Celebran los ataques desmedidos y habitualmente irresponsables de los medios de comunicación social contra la política y los políticos. Es usual que el desencanto origine simpatías por las dictaduras de Juan Vicente Gómez y Marcos Pérez Jiménez, a quienes se atribuyen cualidades positivas que jamás tuvieron. Se ha visto con complanencia que el Presidente Caldera gobierne por decretos y no pocos voceros de importancia han pedido que dirija un calderazo parecido al fujimorazo del Perú. No son pocas las voces que piden procedimientos reñidos con los usos democráticos de gobierno. En suma, la añoranza del cesarismo o, en último caso, el deseo de que impere un cesarismo democrático, esto es, la democracia que hace de la Constitución Nacional un catecismo de buenas intenciones mientras se ocupa con énfasis del orden colectivo, invade las naderías de la existencia. Ha subido tan alto la escala de la resistencia popular ante los hechos de la democracia venezolana, que no sería peregrino suponer que se vea como otra imposición de los intereses extranjeros, como otro mandato incómodo del Fondo Monetario Internacional, en lugar de estimarla como el propósito más digno de conservación.

Lo primero y lo segundo

La posibilidad que tiene Venezuela de acoplarse a la globalización, implica la necesidad de superar la contradicciones que se han esbozado y que están presentes en el capítulo de la transición. Una transición incipiente, pero susceptible de ilustrarnos sobre los límites del proceso. Si nos atenemos al lenguaje de moda, los hechos se reducirían a la pugna entre neoliberales y nacionalistas, entre patriotas irredentos y brokers, entre vengadores de la democracia y políticos inaceptables. Si miramos más allá de la superficie, encontraremos la influencia de verdaderos y añejos fetiches: la riqueza del país, la acción del imperialismo, la arrogancia y la percepción negativa de los vecinos. Pero también encontraremos la idea de que es imperiosa la modernización del país para hacerlo más hospitalario, el sentimiento de derrumbe que obliga a repensar razonablemente la democracia, así como a sentar las bases de un nuevo desarrollo material; y la percepción de que la soberanía no es tan amplia ni tan irrebatible como se cree, debido al surgimiento de un ineludible poder supranacional que se debe considerar a la hora de ensayar derroteros distintos.
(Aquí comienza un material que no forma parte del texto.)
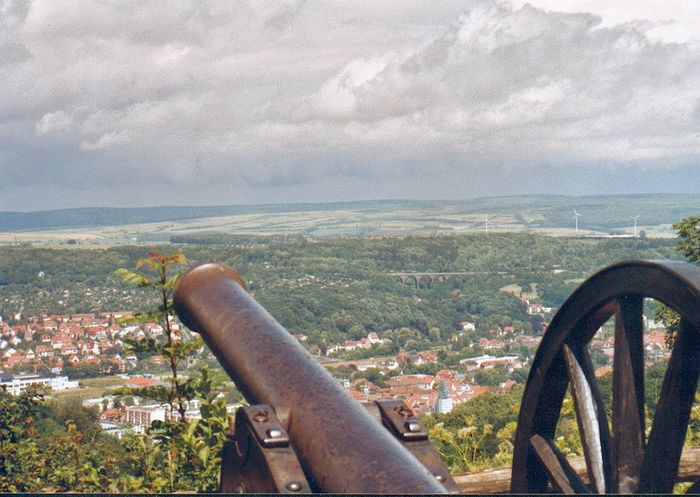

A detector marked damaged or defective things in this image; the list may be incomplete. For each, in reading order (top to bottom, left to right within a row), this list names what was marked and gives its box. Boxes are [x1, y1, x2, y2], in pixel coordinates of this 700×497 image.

rusty metal surface [220, 404, 310, 492]
rusty metal surface [172, 262, 446, 494]
rusty metal surface [512, 260, 700, 492]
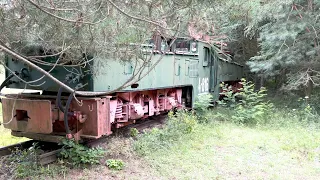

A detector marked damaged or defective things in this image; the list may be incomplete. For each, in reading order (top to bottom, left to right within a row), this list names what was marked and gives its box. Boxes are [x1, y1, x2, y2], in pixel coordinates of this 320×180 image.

rusty metal panel [2, 98, 52, 134]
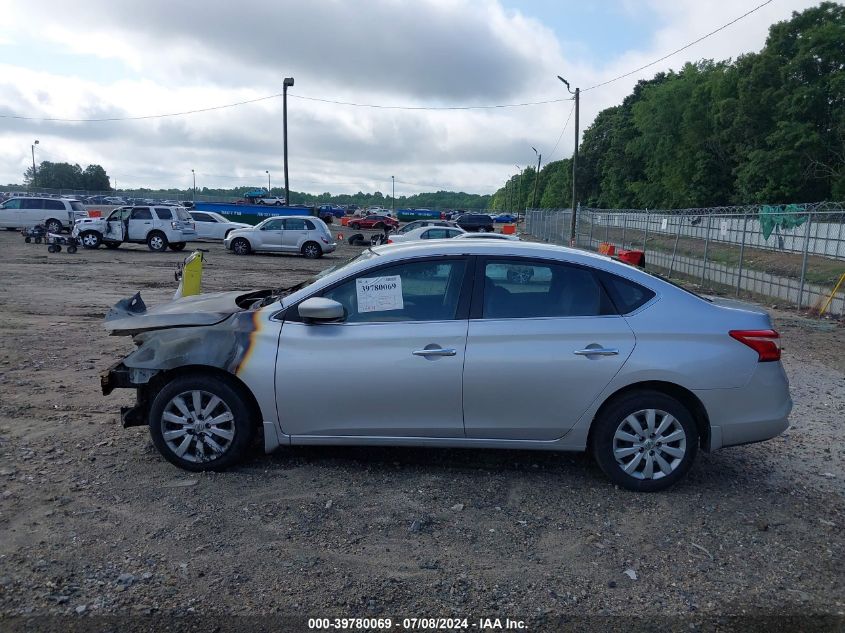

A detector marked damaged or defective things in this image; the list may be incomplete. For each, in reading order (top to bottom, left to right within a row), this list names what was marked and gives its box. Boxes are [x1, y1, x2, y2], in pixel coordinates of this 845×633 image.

crushed hood [104, 288, 254, 334]
damaged silver sedan [100, 239, 792, 492]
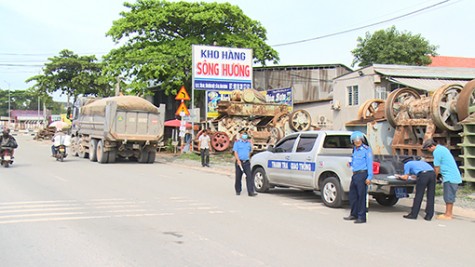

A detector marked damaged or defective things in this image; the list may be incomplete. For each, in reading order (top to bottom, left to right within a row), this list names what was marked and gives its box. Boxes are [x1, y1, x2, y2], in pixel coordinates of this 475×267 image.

rusty machinery [203, 89, 314, 153]
rusty machinery [384, 85, 462, 158]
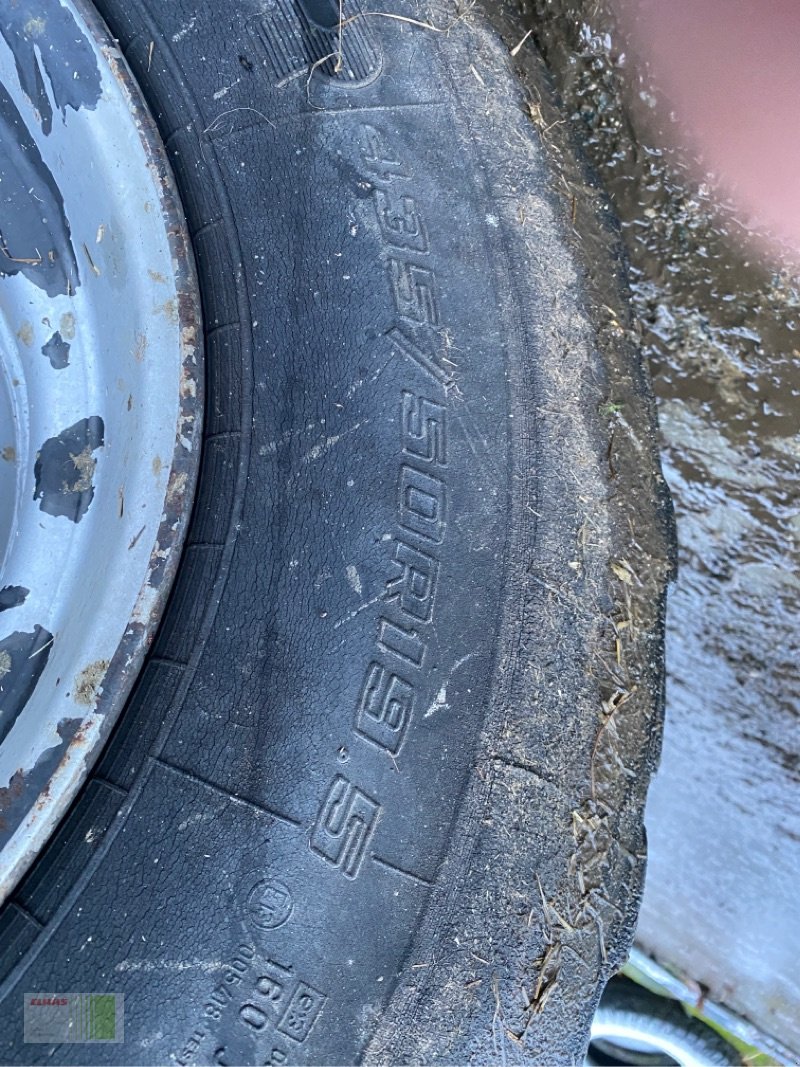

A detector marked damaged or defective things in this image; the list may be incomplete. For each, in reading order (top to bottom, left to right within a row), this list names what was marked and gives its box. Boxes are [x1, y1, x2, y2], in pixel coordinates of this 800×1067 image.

peeling paint on rim [0, 0, 203, 900]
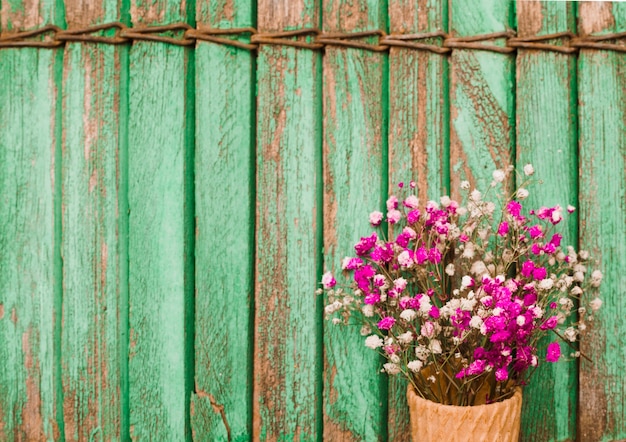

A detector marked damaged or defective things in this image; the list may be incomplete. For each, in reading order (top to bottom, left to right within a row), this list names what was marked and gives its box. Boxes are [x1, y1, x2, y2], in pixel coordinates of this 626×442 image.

rusty wire [1, 21, 624, 53]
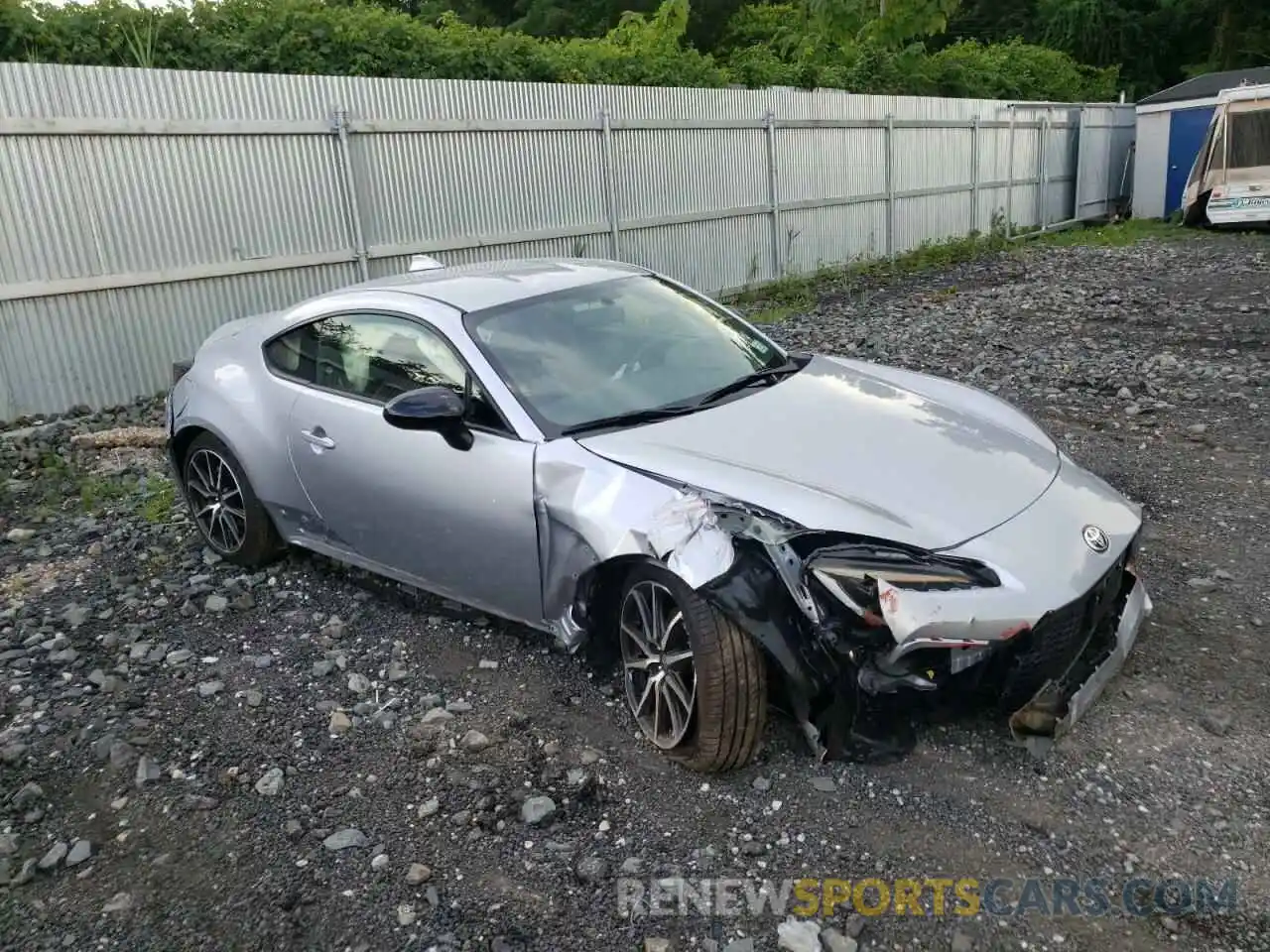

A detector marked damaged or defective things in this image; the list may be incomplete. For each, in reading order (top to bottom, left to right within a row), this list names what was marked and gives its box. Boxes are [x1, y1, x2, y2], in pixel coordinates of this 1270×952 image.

crumpled hood [576, 355, 1062, 550]
damaged front end [536, 441, 1153, 767]
damaged headlight [808, 550, 995, 627]
crushed front bumper [1010, 565, 1153, 762]
torn sheet metal [1010, 573, 1153, 762]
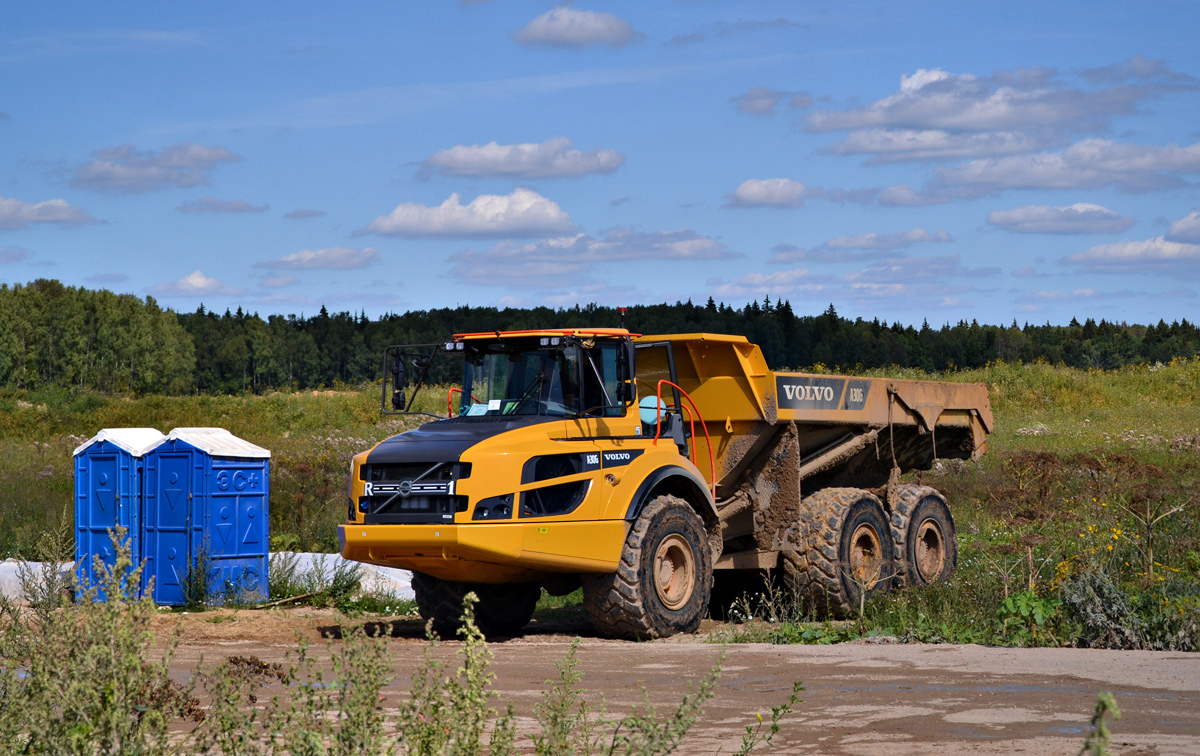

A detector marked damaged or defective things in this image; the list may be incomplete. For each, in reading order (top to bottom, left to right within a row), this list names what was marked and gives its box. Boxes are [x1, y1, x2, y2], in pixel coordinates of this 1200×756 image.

rusty dump body [638, 331, 993, 568]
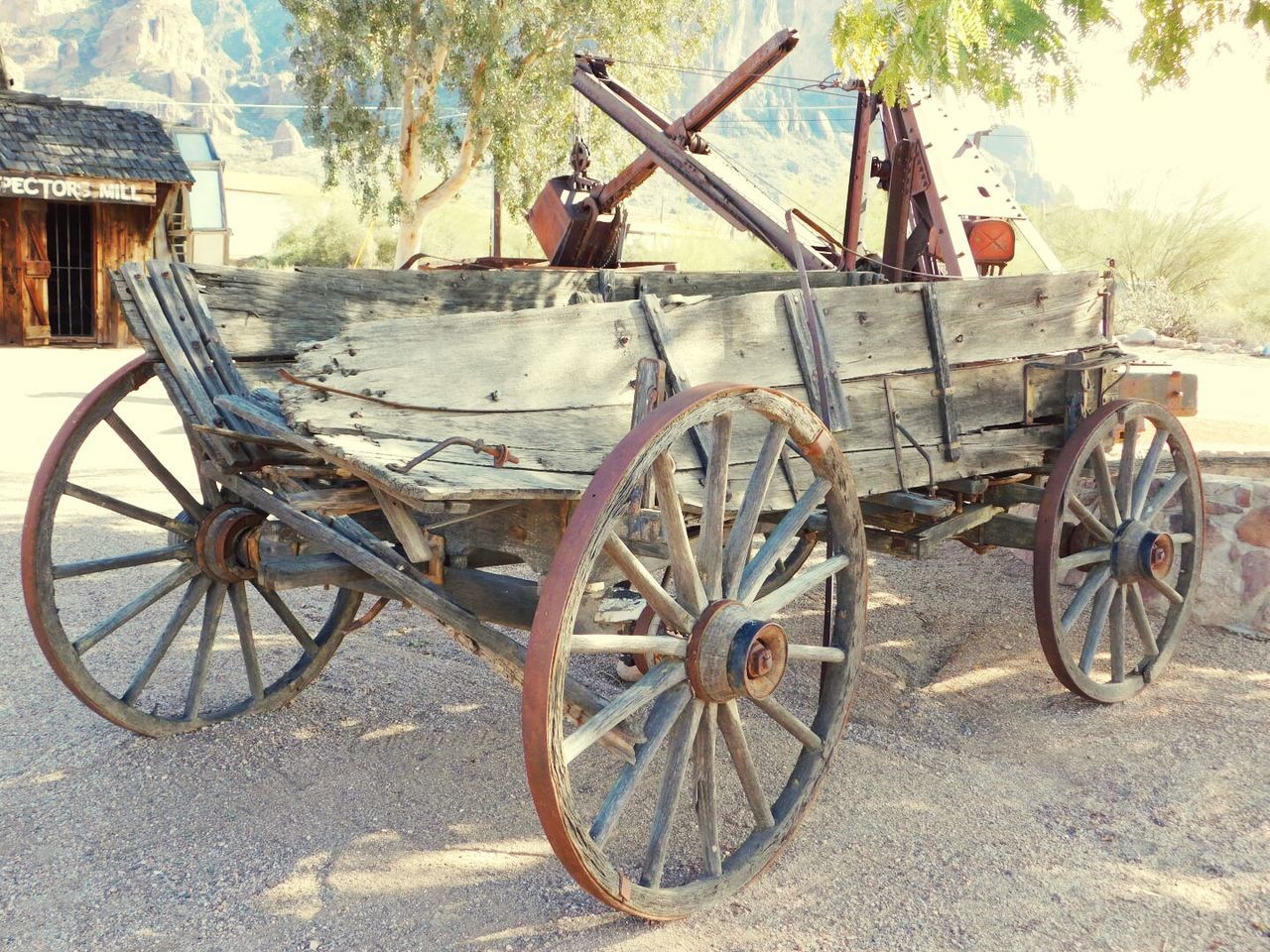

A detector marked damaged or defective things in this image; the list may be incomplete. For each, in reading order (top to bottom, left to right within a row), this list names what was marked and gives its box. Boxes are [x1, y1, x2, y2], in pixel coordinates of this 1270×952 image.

rusty mining machinery [525, 26, 1062, 279]
rusty metal bracket [919, 283, 954, 461]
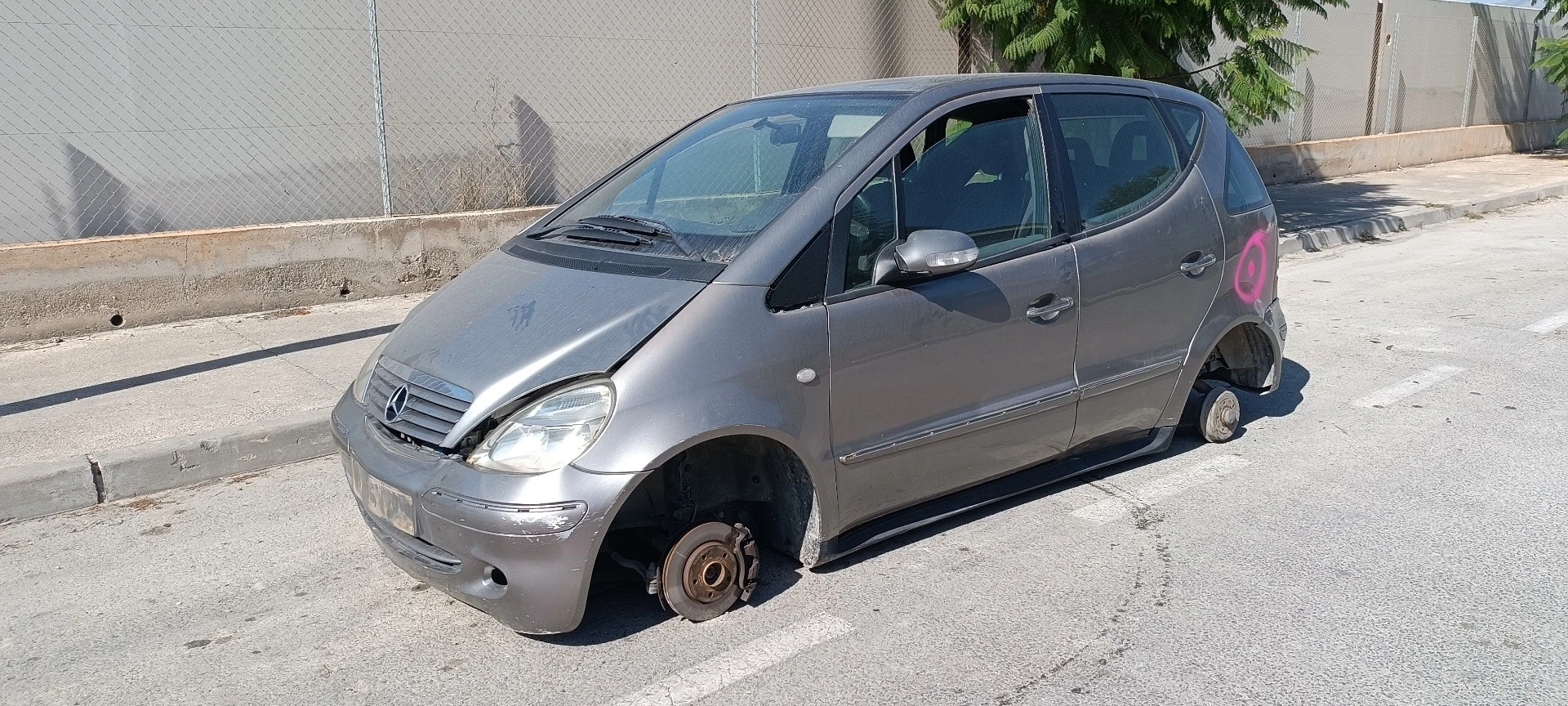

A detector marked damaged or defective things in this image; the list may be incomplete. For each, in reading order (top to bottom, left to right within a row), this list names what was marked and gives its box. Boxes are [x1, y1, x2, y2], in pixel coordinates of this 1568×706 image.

damaged hood [379, 250, 706, 441]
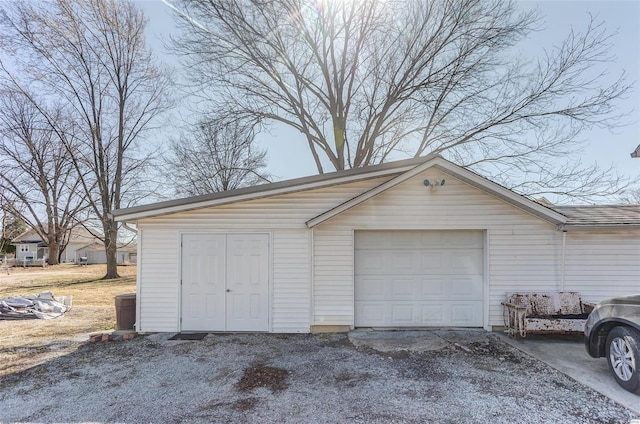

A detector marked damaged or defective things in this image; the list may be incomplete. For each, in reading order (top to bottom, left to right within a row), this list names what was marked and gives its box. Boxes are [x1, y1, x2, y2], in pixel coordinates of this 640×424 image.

rusty utility trailer [500, 292, 596, 338]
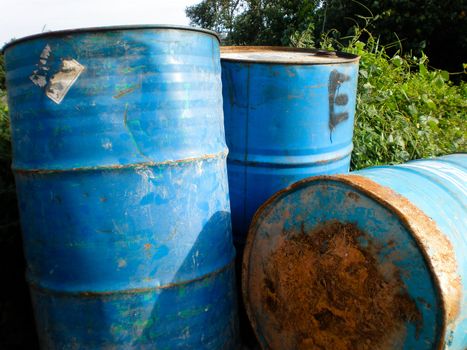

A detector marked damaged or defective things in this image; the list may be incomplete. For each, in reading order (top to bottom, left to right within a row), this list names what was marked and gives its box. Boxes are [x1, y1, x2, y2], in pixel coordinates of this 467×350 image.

rusty barrel [1, 26, 239, 348]
rust stain [12, 149, 229, 175]
corroded metal [6, 26, 241, 348]
rusty barrel top [6, 26, 241, 348]
rusty barrel [221, 47, 360, 249]
rusty barrel top [221, 47, 360, 249]
corroded metal [221, 47, 360, 249]
rusty barrel top [243, 156, 467, 350]
rusty barrel [245, 154, 467, 348]
corroded metal [245, 154, 467, 350]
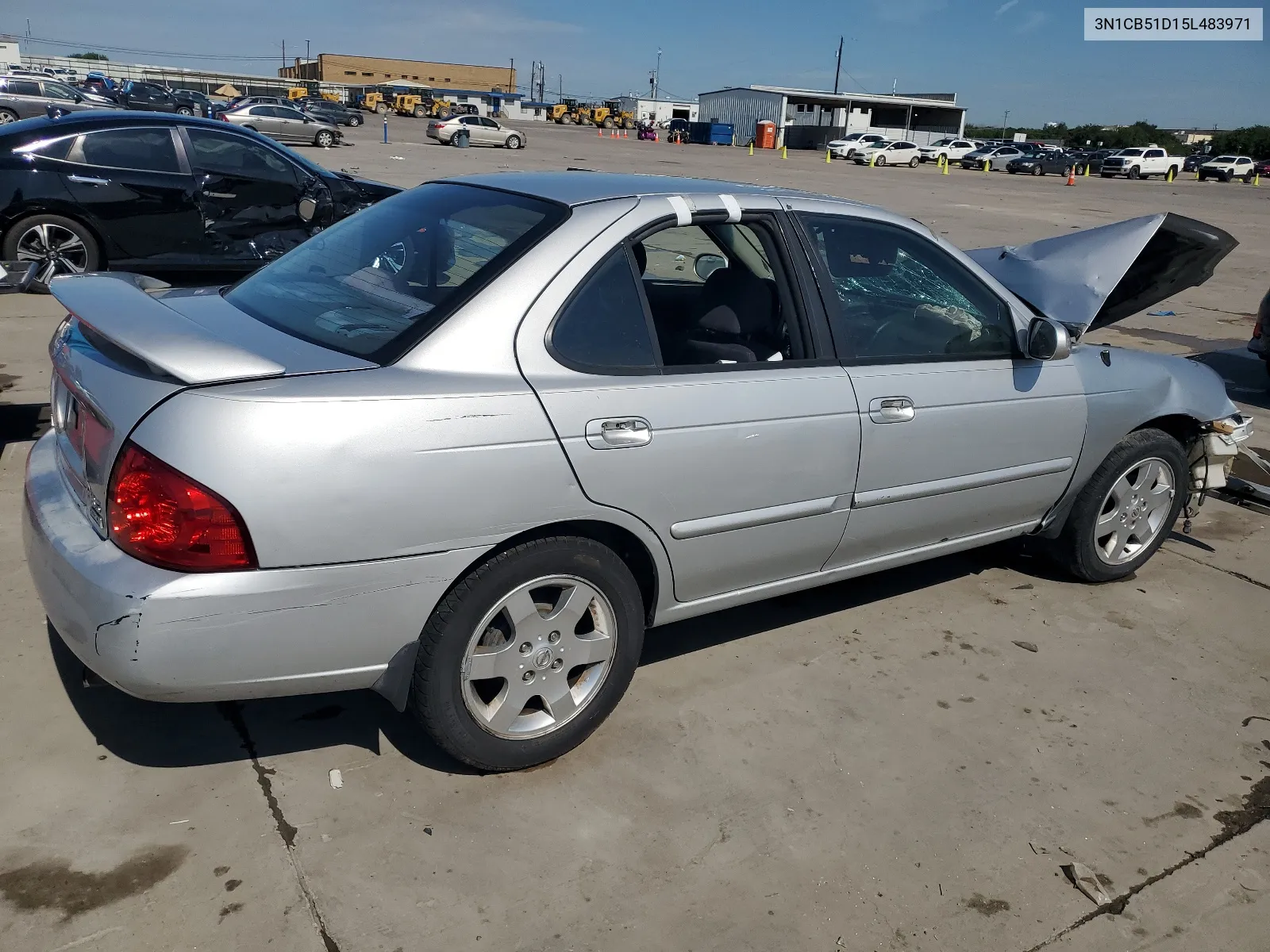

¿Cuál es el desenlace del problema? La respuesta no es cuestión de fórmulas escritas, ni de propuestas teóricas. El desenlace dependerá de la maña que empleen los venezolanos para superar las antinomias, antes de ahogarse en ellas. Pero el empeño no se debe poner en función de formar parte del planeta globalizado, que puede ser una ilusión de los poderosos y que alberga en su seno la posibilidad de numerosos perjuicios para las comarcas de escaso fomento económico. El empeño es obligante en cuanto puede generar otro gran momento de la sociedad, como el de 1810 y el de 1945. Si ocurre y encuentra la adhesión de las mayorías, la globalización llegará por añadidura, si llega de veras, mientras los venezolanos crean fenómenos medulares para el encuentro del bienestar.

Es el trance en el que veo a los panaderos del episodio referido al principio. Su competencia no importa porque estén aplicando las reglas del libre mercado, o porque se muestren como aventajados discípulos del catecismo globalizador. Importa porque traduce un intento de superación que no espera incentivos oficiales para salir adelante; y porque de tal esfuerzo se colige que la riqueza no proviene del subsuelo, ni la felicidad del tamaño del Estado; que la gloria no depende del patrioterismo y que nadie nos está sitiando para hacernos capitular. Acaso sean ellos los primeros enterradores de los fetiches que actúan como gríngolas frente a la realidad, o los pioneros de la sensibilidad que se precisa para la fábrica de un país que lleva muchos años esperando para labrarase un mejor destino. Tal debe ser la meta de la transición que hoy protagoniza Venezuela, sin plantearse a rajatabla la obligación, o la parejería, de ser una pieza más en el tablero de la globalización.